Art. 26. No exercício de suas funções, o Ministério Público poderá:

I – (...)

§ 5º Toda representação ou petição formulada ao Ministério Público será distribuída entre os membros da instituição que tenham atribuições para apreciá-la, observados os critérios fixados pelo Colégio de Procuradores.

 

                                                         Essa determinação é reproduzida na Lei Complementar Estadual nº. 734, de 26 de novembro de 1993, visando justamente impedir que a apuração de certo fato seja direcionado a determinado Órgão ministerial[8]. Evidentemente não se trata neste caso de representação oferecida por terceiros, mas providência adotada por um dos integrantes da Promotoria de Justiça da Cidadania, da qual ambos – suscitante e suscitado – são integrantes. Mas para atender ao disposto na lei e, notadamente, no princípio do promotor natural, é necessário interpretar adequadamente a norma, com observância de seus fins.

 

                                                         A requisição de documentos ou cópias de contratos visando instaurar inquéritos civis, procedimentos preparatórios, ou quaisquer outros no âmbito do Ministério Público, não pode e não deve se constituir em elemento a fixar prevenção do requisitante, se, no caso concreto, tangenciar a regra que colima a impessoalidade na atuação do Ministério Público. A interpretação sustentada pelo suscitante legitimaria a conclusão de que, em Promotorias com vários cargos com idênticas atribuições, aquele que se antecipasse aos demais, requisitando informações ou mesmo instaurando procedimento investigatório quanto a certo caso concreto, estaria sempre prevento.

 

                                                         Essa interpretação não é legítima, na medida em que a prevenção é um mecanismo para solucionar dúvidas quanto à competência de órgão jurisdicional ou atribuições de órgãos ministeriais, mas não para burlar o esquema legal, previamente estabelecido, de repartição da atividade funcional dos órgãos envolvidos.

 

                                                         Em outra perspectiva, a regra da prevenção – de extração infraconstitucional – seria utilizada para burlar a própria garantia da inamovibilidade (corretamente compreendida, abrangente das funções do cargo), que, em última análise, tem assento na Constituição.

 

                                                         Também o Ato Normativo nº. 484-CPJ, de 5 de outubro de 2006 que estabelece parâmetros para as investigações civis a cargo do Ministério Público, confere validade à interpretação aqui sustentada.
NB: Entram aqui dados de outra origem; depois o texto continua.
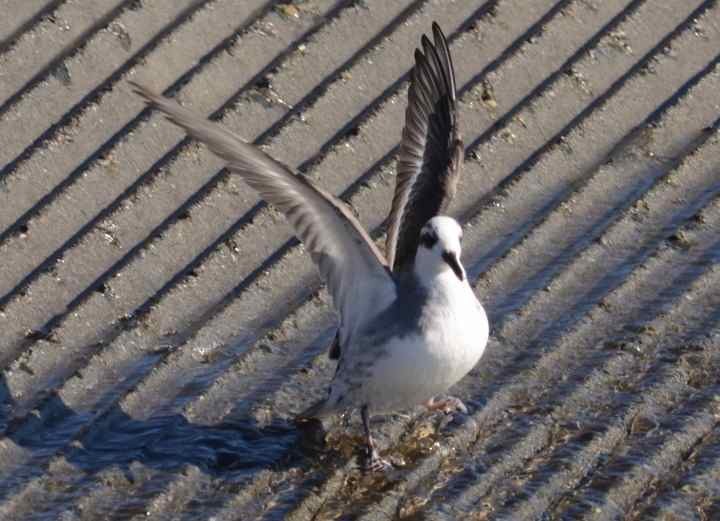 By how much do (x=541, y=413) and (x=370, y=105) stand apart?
1637mm

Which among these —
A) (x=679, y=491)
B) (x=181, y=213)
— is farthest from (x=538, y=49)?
(x=679, y=491)

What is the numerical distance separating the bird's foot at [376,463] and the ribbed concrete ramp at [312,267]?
0.18ft

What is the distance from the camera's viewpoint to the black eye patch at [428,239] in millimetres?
4898

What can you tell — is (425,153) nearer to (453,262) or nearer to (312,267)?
(312,267)

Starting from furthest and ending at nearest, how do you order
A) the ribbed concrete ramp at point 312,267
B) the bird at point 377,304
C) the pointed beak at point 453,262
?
the pointed beak at point 453,262, the bird at point 377,304, the ribbed concrete ramp at point 312,267

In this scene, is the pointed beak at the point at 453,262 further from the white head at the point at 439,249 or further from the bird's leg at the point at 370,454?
the bird's leg at the point at 370,454

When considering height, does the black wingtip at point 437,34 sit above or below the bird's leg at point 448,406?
above

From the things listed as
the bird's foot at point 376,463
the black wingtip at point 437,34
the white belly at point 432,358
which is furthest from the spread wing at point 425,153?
the bird's foot at point 376,463

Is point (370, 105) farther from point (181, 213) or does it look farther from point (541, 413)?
point (541, 413)

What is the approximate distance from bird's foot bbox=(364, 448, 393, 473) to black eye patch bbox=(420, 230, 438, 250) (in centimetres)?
64

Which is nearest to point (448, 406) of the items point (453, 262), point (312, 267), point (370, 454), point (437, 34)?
point (370, 454)

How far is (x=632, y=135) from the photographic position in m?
6.18

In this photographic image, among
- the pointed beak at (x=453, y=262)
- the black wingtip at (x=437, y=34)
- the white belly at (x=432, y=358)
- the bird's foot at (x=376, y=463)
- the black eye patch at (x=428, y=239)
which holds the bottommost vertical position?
the bird's foot at (x=376, y=463)

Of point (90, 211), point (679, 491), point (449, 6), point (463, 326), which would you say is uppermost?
point (449, 6) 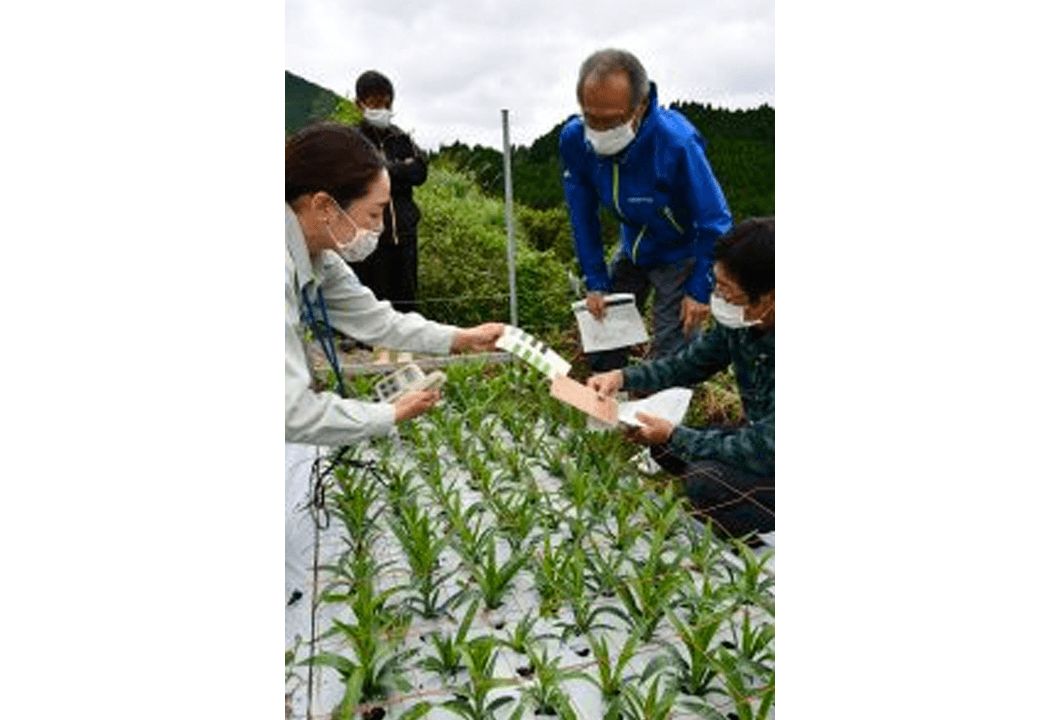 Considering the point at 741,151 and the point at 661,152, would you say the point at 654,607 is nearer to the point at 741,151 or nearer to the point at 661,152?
the point at 661,152

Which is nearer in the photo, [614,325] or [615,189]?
[615,189]

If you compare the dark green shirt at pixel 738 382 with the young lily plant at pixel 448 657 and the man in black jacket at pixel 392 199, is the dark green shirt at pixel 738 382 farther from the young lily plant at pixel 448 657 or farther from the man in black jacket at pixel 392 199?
the man in black jacket at pixel 392 199

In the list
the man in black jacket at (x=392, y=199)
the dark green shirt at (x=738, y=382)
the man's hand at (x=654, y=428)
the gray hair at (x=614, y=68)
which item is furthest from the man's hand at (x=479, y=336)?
the man in black jacket at (x=392, y=199)

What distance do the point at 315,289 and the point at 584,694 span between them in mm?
1676

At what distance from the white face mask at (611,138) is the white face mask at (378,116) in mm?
2095

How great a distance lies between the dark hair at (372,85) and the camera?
5.33m

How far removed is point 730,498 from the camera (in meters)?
3.18

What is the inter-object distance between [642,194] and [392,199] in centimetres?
249

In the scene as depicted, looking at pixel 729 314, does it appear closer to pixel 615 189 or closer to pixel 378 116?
pixel 615 189

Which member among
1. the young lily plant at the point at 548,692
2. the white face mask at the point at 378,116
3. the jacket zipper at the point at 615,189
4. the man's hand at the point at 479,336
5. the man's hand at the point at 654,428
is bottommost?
the young lily plant at the point at 548,692

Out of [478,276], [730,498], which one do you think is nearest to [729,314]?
[730,498]

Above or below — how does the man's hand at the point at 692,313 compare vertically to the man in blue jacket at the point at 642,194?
below

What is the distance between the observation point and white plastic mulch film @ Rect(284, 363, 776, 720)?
2.13 metres

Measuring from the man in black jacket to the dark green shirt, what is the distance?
263 cm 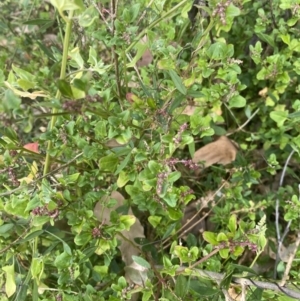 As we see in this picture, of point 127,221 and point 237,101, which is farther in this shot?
point 237,101

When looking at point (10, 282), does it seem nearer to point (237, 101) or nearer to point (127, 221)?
point (127, 221)

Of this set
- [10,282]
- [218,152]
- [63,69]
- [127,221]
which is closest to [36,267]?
[10,282]

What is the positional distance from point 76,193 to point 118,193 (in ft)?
0.85

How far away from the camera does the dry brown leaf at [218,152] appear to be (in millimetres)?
1545

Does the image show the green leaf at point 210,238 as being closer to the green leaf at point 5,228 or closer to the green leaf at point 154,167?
the green leaf at point 154,167

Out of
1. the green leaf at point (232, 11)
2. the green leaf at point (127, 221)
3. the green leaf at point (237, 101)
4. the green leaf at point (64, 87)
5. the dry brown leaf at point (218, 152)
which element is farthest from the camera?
the dry brown leaf at point (218, 152)

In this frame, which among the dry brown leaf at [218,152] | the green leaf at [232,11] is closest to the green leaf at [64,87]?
the green leaf at [232,11]

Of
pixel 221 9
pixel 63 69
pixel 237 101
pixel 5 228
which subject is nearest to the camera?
pixel 63 69

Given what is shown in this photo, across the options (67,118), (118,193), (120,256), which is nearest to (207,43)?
(67,118)

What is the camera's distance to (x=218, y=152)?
5.13ft

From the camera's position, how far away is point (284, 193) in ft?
4.74

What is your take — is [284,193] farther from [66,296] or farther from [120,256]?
[66,296]

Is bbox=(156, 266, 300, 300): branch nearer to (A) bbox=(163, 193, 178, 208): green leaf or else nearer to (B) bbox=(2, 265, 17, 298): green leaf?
(A) bbox=(163, 193, 178, 208): green leaf

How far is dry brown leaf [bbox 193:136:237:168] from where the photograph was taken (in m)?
1.54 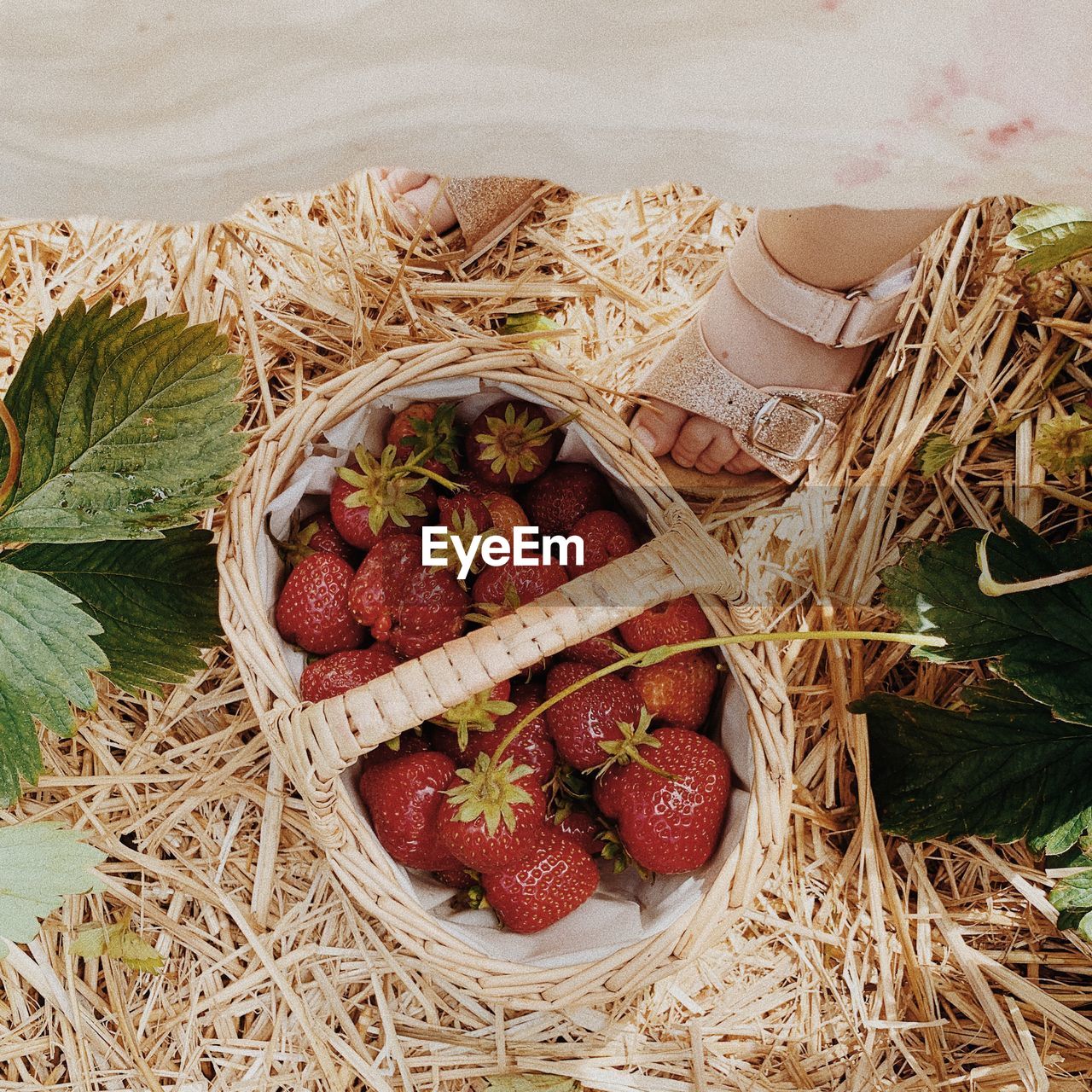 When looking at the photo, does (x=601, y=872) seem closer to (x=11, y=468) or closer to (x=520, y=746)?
(x=520, y=746)

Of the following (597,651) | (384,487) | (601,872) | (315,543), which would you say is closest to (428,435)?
(384,487)

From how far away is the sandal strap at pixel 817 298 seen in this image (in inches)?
40.1

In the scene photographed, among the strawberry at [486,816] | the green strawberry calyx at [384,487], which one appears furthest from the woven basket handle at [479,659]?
the green strawberry calyx at [384,487]

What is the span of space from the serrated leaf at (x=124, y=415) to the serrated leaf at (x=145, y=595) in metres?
0.10

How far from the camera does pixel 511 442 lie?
102 cm

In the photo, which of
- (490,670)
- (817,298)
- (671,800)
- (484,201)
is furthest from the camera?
(484,201)

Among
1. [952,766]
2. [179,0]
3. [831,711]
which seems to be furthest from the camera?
[831,711]

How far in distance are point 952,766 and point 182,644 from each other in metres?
0.80

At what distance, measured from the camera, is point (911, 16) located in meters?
0.42

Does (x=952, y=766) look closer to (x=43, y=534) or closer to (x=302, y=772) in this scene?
(x=302, y=772)

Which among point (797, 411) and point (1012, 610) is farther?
point (797, 411)

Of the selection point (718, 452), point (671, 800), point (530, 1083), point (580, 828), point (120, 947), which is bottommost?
point (530, 1083)

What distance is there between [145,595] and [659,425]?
2.05 ft

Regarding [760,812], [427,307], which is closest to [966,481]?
[760,812] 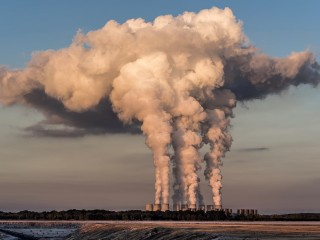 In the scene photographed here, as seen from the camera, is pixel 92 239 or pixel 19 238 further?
pixel 19 238

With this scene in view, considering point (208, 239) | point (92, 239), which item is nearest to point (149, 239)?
point (208, 239)

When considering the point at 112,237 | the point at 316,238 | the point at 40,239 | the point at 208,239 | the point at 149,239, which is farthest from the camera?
the point at 40,239

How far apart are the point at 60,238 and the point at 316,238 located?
79727 mm

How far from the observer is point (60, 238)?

Confira-se:

Art. 7º. A atividade investigatória do Ministério Público rege-se pelos princípios gerais da atividade administrativa, pelos direitos e garantias individuais e pelos princípios especiais que regulam o Ministério Público, obedecendo notadamente:

I – (...)

X – à distribuição ao órgão do Ministério Público dotado de atribuição legal fixada por critérios objetivos prévios; (g.n.)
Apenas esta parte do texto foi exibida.